I am trying to work this problem out. I know that the systematic counting principle is used. However, I cannot get the right answer.
For the first part, I took
R=2
N=6
6!/(6-2)! (Permutation).
Answer: 30 choices for the Chair/Vice
The second part, I took
R=2
N=8
Combination form.
From here, I do not know what to do or how to get the correct answer. Please explain how to get the answer. Thank You!
The academic computing committee at a college is in the process of evaluating different computer systems. The committee consists of six administrators, six faculty, and two students. A six-person subcommittee is to be formed. The subcommittee must have a chair and vice chair from the administrators, the other four committee members have no particularly defined roles from the faculty and students. In how many ways can this subcommittee be formed?
To solve this problem, we need to break it down into two parts - selecting the chair and vice chair from the administrators, and selecting the remaining committee members.

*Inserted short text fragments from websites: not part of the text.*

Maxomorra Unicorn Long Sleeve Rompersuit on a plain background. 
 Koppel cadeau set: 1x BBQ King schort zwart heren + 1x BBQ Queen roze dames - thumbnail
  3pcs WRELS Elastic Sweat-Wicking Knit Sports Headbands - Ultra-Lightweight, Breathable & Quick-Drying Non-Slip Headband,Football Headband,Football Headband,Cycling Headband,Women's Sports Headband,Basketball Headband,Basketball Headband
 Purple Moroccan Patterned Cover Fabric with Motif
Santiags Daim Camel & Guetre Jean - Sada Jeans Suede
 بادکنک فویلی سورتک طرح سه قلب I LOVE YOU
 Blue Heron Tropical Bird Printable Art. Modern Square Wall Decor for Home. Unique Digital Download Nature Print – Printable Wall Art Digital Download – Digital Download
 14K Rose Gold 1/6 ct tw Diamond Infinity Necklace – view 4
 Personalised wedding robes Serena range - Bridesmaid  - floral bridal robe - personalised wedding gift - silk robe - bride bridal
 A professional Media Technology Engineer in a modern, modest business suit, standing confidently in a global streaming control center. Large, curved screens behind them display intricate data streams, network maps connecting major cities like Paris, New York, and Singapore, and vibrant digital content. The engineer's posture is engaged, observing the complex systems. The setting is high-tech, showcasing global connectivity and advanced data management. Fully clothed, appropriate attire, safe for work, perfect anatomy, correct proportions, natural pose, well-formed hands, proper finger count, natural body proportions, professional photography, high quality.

Part 1: Selecting the Chair and Vice Chair from the Administrators
In this part, we need to select 2 administrators to be the chair and vice chair of the subcommittee.
We will use the permutation formula, since the order matters (chair and vice chair have different roles).
We have:
R = 2 (we need to select 2 administrators)
N = 6 (we have 6 administrators)
Using the permutation formula, the number of ways to select the chair and vice chair is:
6P2 = 6! / (6-2)! = 6! / 4! = 6 * 5 = 30 choices for the chair and vice chair.
Part 2: Selecting the Remaining Committee Members
In this part, we need to select 4 members from the remaining administrators, faculty, and students (since the chair and vice chair were already selected). The order doesn't matter here.
We will use the combination formula, since the order doesn't matter.
We have:
R = 4 (we need to select 4 members)
N = 6 administrators + 6 faculty + 2 students = 14 (total number of remaining members)
Using the combination formula, the number of ways to select the remaining committee members is:
14C4 = 14! / (4!(14-4)!) = 14! / (4! * 10!) = (14 * 13 * 12 * 11) / (4 * 3 * 2 * 1) = 1001 choices for the remaining committee members.
To get the total number of ways to form the subcommittee, we multiply the number of choices for the chair and vice chair by the number of choices for the remaining committee members:
Total number of ways = 30 * 1001 = 30,030 ways to form the subcommittee.
Therefore, there are 30,030 ways to form the subcommittee.